Sampler Plate: This Week in Food Blogs

Categories: Leftovers

Each week, we put together a sampler plate of the most interesting links from both local and national food blogs. Know a blog we should be paying particular attention to? Leave the address in the comments section below.

29-95: The Chron's Greg Morago, pulling double-duty over at 29-95, has the scoop on why BRC Gastropub's chef Jeff Axline gave himself the axe. His resignation is effective November 13, after which the restaurant hopes to take a new direction with its food under the direction of owner Lance Fegen: "a little lighter and little less kitschy." Hmm. Could our recent review have had anything to do with that?

CultureMap: Caroline Gallay brought herself to do what we couldn't: investigate Midtown's newest attempt at attracting the Russian mafia bar. It specializes in vodka and has a river of ice carved into the bar, from which you can select garnishes for the chilled vodka it serves on tap. God help us all.

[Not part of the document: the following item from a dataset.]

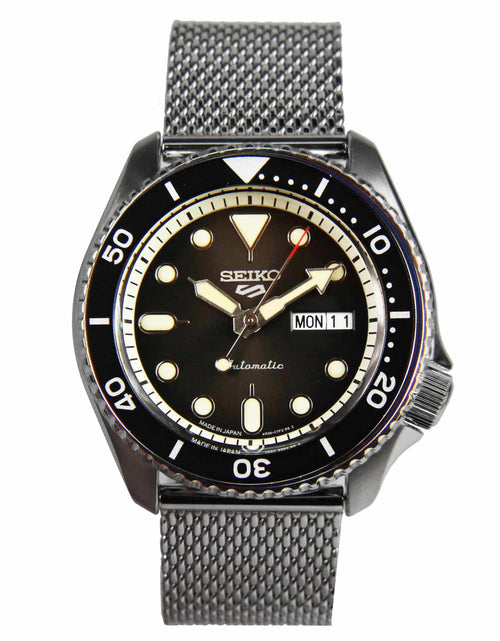 Load image into Gallery viewer, Seiko 5 Sports Automatic Japan Divers Watch SBSA017
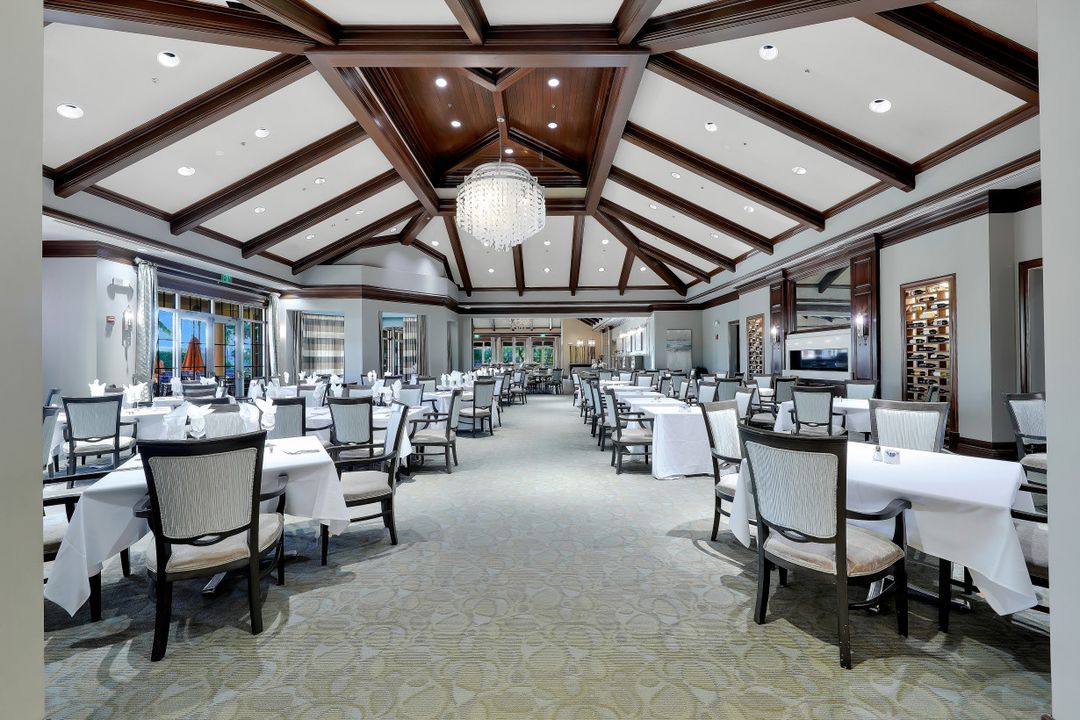 6693 Alden Woods Cir #101, Naples, FL 34113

Blog of an Aspiring Foodie: Now onto something you can actually use this fall: Instructions from Chris on how to make your very own hard apple cider at home. Cheers.

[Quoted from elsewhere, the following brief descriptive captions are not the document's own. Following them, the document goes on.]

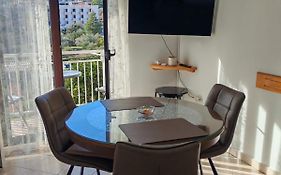 Apartment Seman
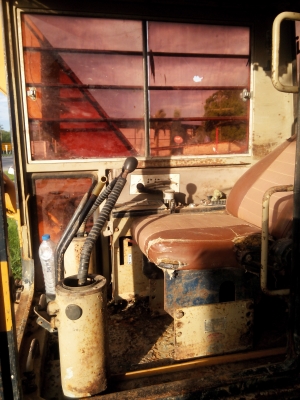 ขายรถแบคโฮ KOMATSU PC60-3 ราคา 350000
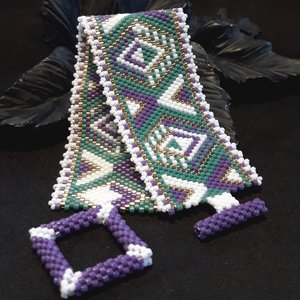 GRAPE VINES: A Peyote Stitch Beaded Bracelet Pattern by Bead with Bugs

Dude, You Going To Eat That?: Dr. Ricky asks a question this week that most people don't think about on a daily basis. That is: Does a cake have to be baked to be a cake?

Houston Foodie: Hot pot was apparently on the brain of our collective hive mind yesterday (we food writers all share one collective consciousness -- you didn't know?) as Chris Reid also investigated the wonders of that great communal meal, hot pot. I'll leave you with a belly- and heart-warming quote from his post today:

All kinds of conversation comes up as you slowly eat and drink; negotiations, queries, and goodwill offerings are part of the process: "Is that my bok choy?" "No, I put it in there a couple minutes ago, but you have it, I'll cook some more." The give-and-take, the cooperative cooking, the leisurely pace, and the inevitable laughing and conversation are undoubtedly restorative and good for our chi, such as it is, in both mind and body.